Task statement
Each entry should be duplicated verbatim; its pictures should not be.

Records for processing
==============================

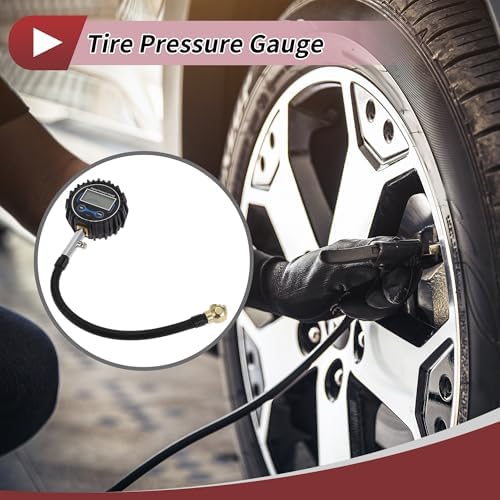 1 Set Universal Car Digital Tire Pressure Gauge W/Tire Valve Core Tire Cap 3-200PSI Digital Air Pressure Meter for Cars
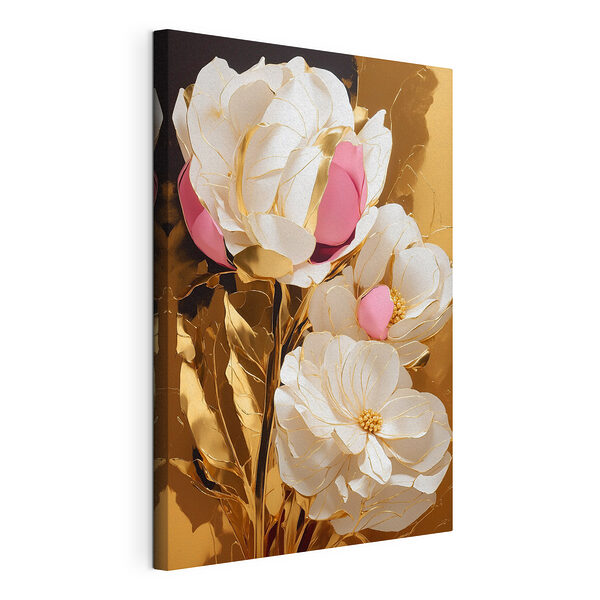 Fiori eleganti su uno sfondo intenso Stampa su tela Fiori eleganti su uno sfondo intenso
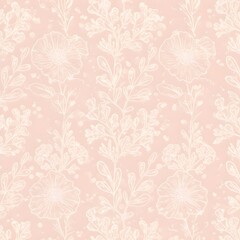 Fototapeta premium Elegante patrón floral dibujado a mano con estilo vintage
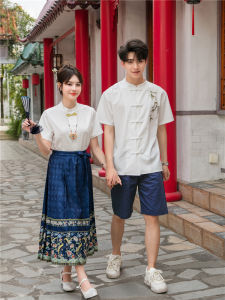 Couples Summer Outfit New Chinese Style Tang Costume Hanfu Mens Shirt Womens Skirt Set Fashionable Urban Printed Short Sleeve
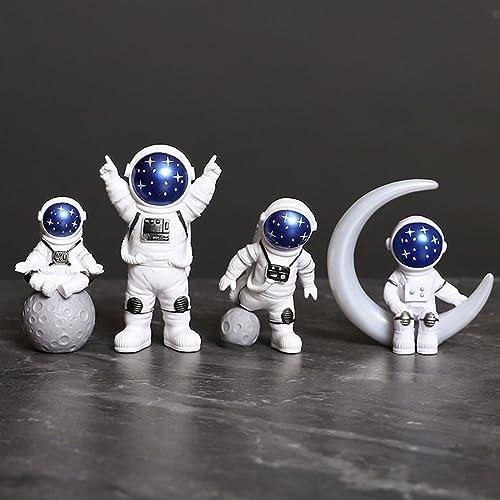 Set of 4 Astronaut Statues, Space Theme Resin Figurines for Desk Decor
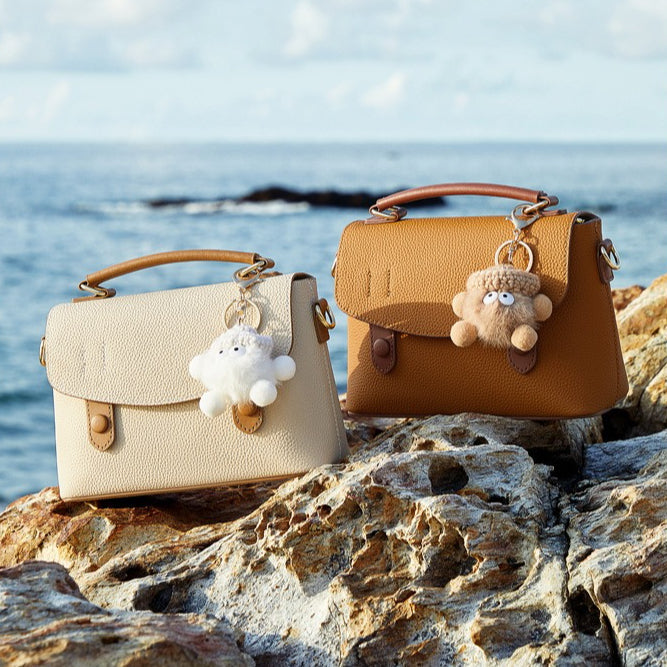 Women’s Luxury Pebbled Leather Top-Handle Bag | Cloud Charm Elegance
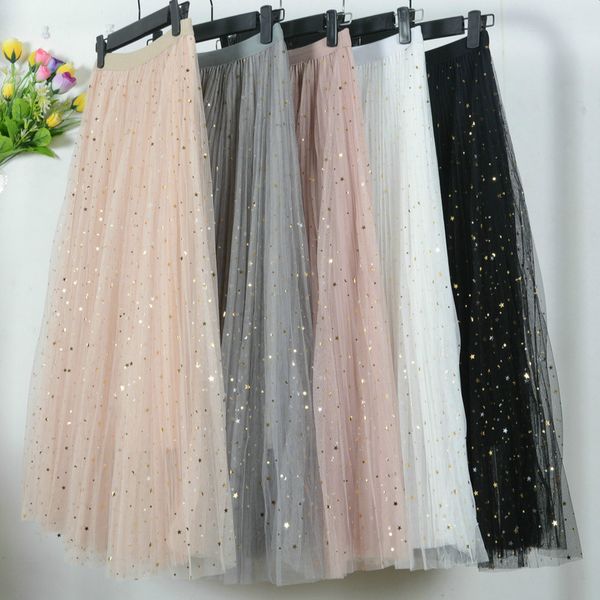 

korean stars sequined puff layered tulle tutu long skirts spring galaxy mesh starry metallic sweet fairy pleated long skirts, Black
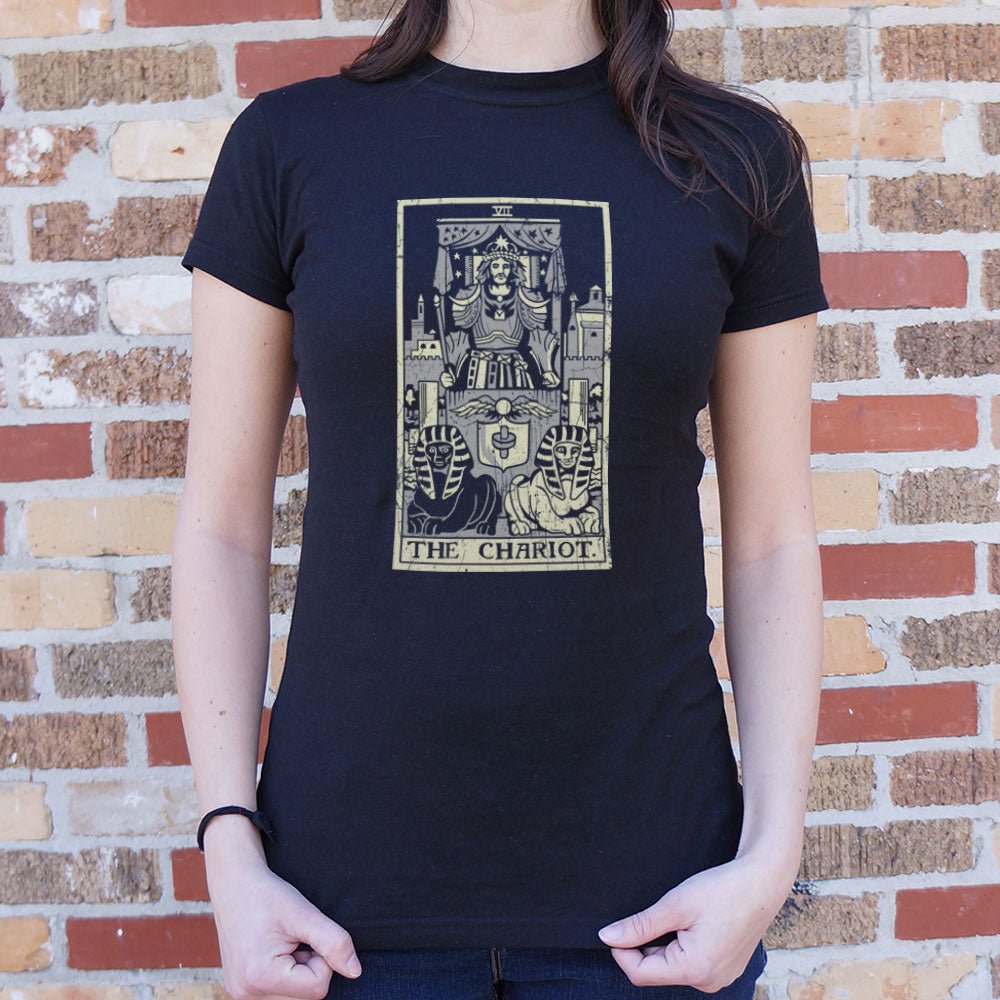 Tarot Chariot Card with Armored Knight and Sphinxes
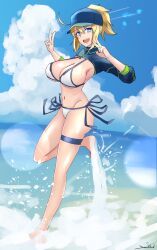 1girl ahoge artoria_pendragon_(fate) barefoot baseball_cap beach bikini blonde_hair blue_eyes blue_hat blue_shrug blue_sky blush breasts cleavage fate/grand_order fate_(series) full_body hat large_breasts long_hair long_sleeves looking_at_viewer mysterious_heroine_xx_(fate) navel open_mouth ponytail s4ika shore shrug_(clothing) sidelocks sky smile swimsuit white_bikini wristband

==============================

Answer
 1 Set Universal Car Digital Tire Pressure Gauge W/Tire Valve Core Tire Cap 3-200PSI Digital Air Pressure Meter for Cars
 Fiori eleganti su uno sfondo intenso Stampa su tela Fiori eleganti su uno sfondo intenso
 Fototapeta premium Elegante patrón floral dibujado a mano con estilo vintage
 Couples Summer Outfit New Chinese Style Tang Costume Hanfu Mens Shirt Womens Skirt Set Fashionable Urban Printed Short Sleeve
 Set of 4 Astronaut Statues, Space Theme Resin Figurines for Desk Decor
 Women’s Luxury Pebbled Leather Top-Handle Bag | Cloud Charm Elegance

korean stars sequined puff layered tulle tutu long skirts spring galaxy mesh starry metallic sweet fairy pleated long skirts, Black
 Tarot Chariot Card with Armored Knight and Sphinxes
 1girl ahoge artoria_pendragon_(fate) barefoot baseball_cap beach bikini blonde_hair blue_eyes blue_hat blue_shrug blue_sky blush breasts cleavage fate/grand_order fate_(series) full_body hat large_breasts long_hair long_sleeves looking_at_viewer mysterious_heroine_xx_(fate) navel open_mouth ponytail s4ika shore shrug_(clothing) sidelocks sky smile swimsuit white_bikini wristband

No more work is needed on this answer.